◆ PROBLEM REQUIREMENTS ◆
When a record contains an image, skip the image and retype the rest of that record exactly.

*** EXTRACTED MATERIAL Section Begins ***

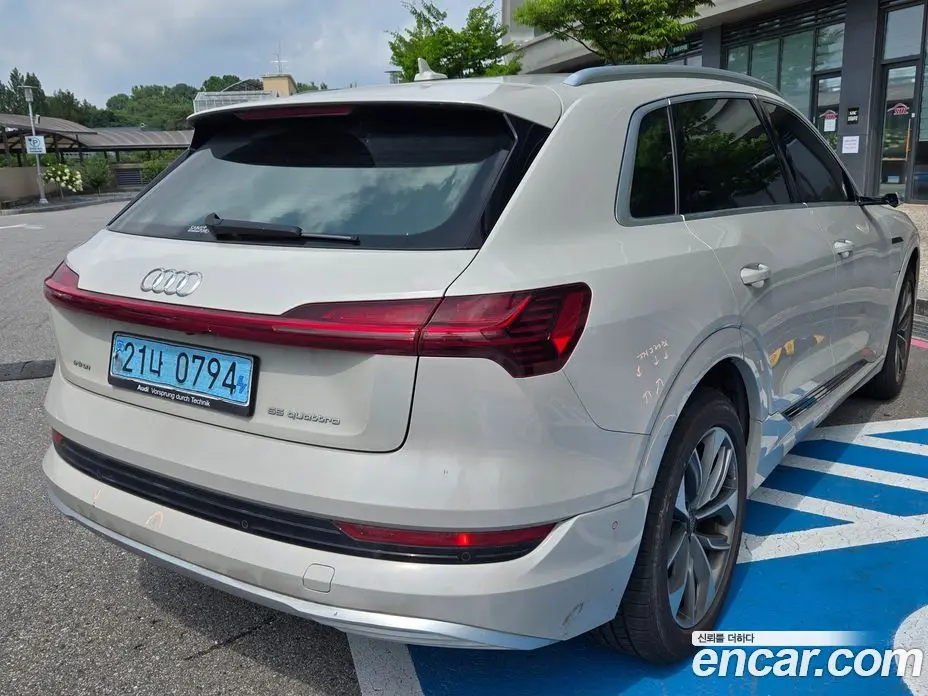 Audi e-tron 2020 автомат (гидро), фото 4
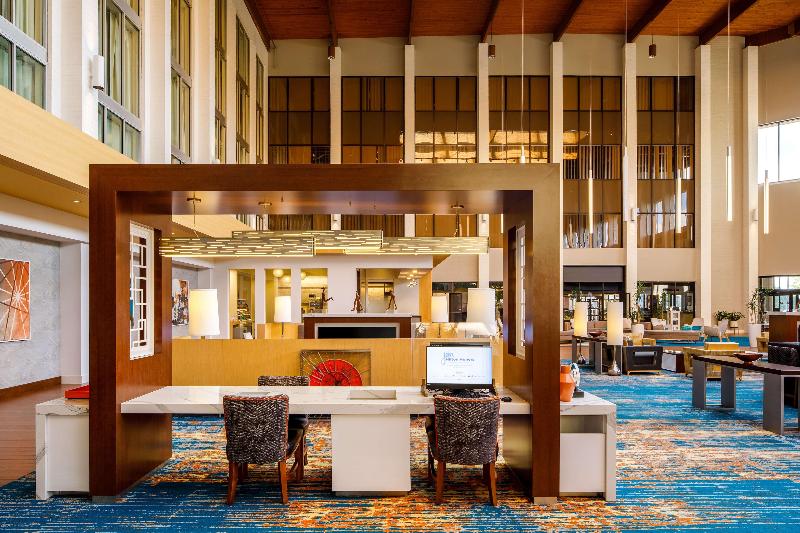Doubletree By Hilton Pittsburgh - Cranberry image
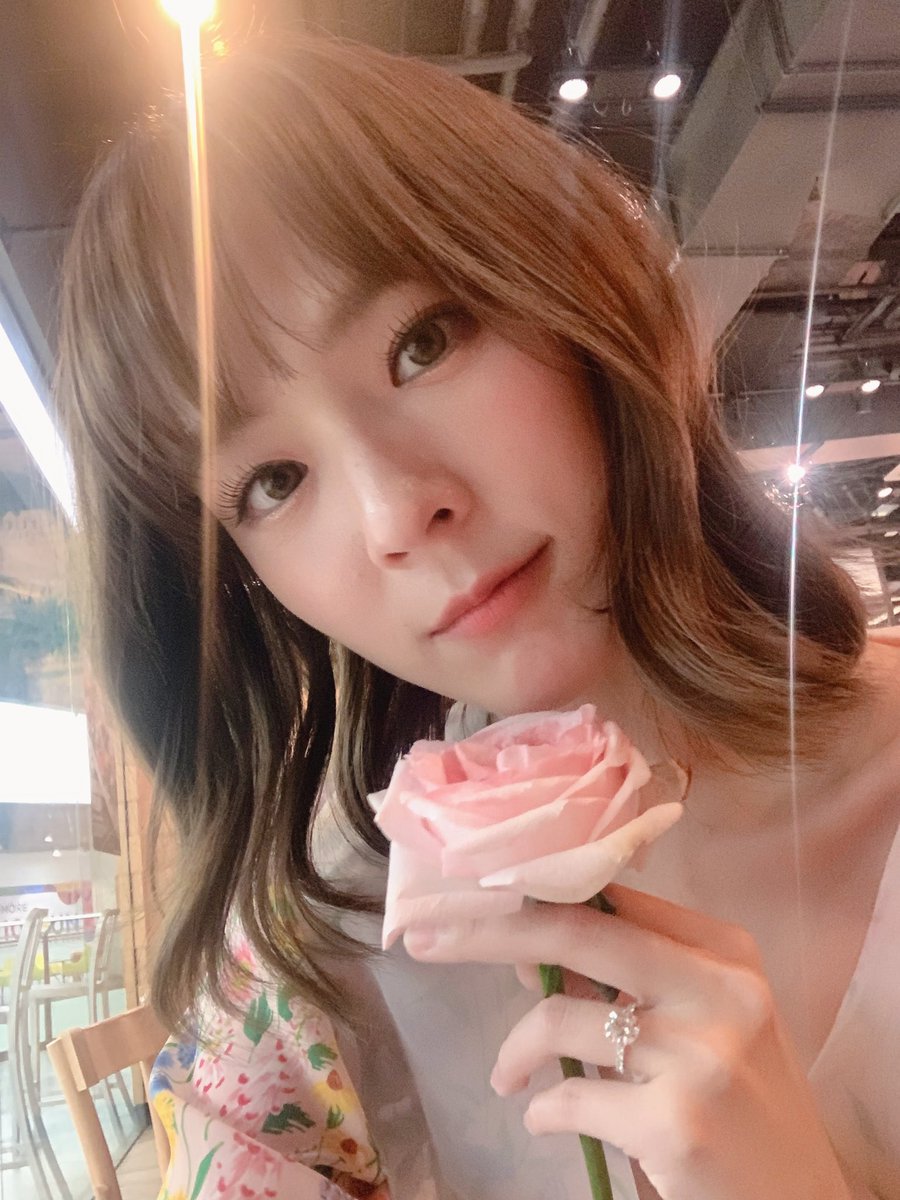 PattieUng's tweet photo. ขอบคุณพี่แดนน๊า หนูชอบมากเลยค๊า💍🥰 ตามไปดูคลิปเต็มที่ https://t.co/PGPHdPu7KP นะ https://t.co/2WkaKatqOx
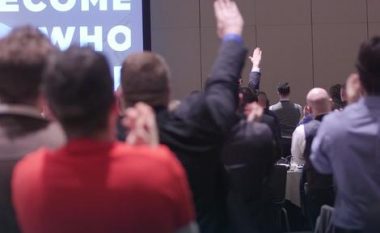 “Heil Trump”, pamjet tmerruese të neonazistëve amerikanë në festimin e zgjedhjes së presidentit të ri (Video)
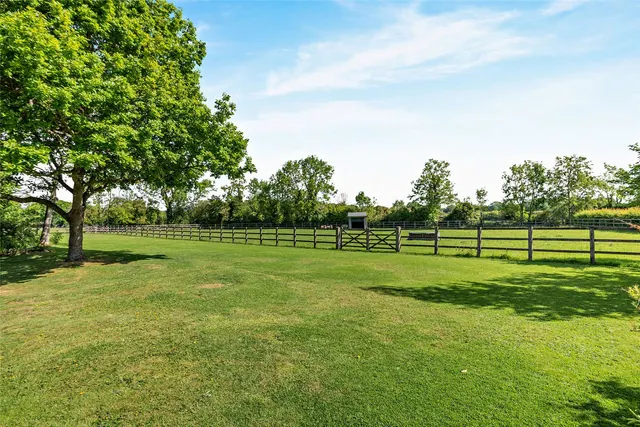 Photo 3 — Eldon Road, Kings Somborne, Stockbridge, Hampshire, SO20 6QN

*** EXTRACTED MATERIAL Section Ends ***

◆ YOUR RESPONSE ◆
 Audi e-tron 2020 автомат (гидро), фото 4
Doubletree By Hilton Pittsburgh - Cranberry image
 PattieUng's tweet photo. ขอบคุณพี่แดนน๊า หนูชอบมากเลยค๊า💍🥰 ตามไปดูคลิปเต็มที่ https://t.co/PGPHdPu7KP นะ https://t.co/2WkaKatqOx
 “Heil Trump”, pamjet tmerruese të neonazistëve amerikanë në festimin e zgjedhjes së presidentit të ri (Video)
 Photo 3 — Eldon Road, Kings Somborne, Stockbridge, Hampshire, SO20 6QN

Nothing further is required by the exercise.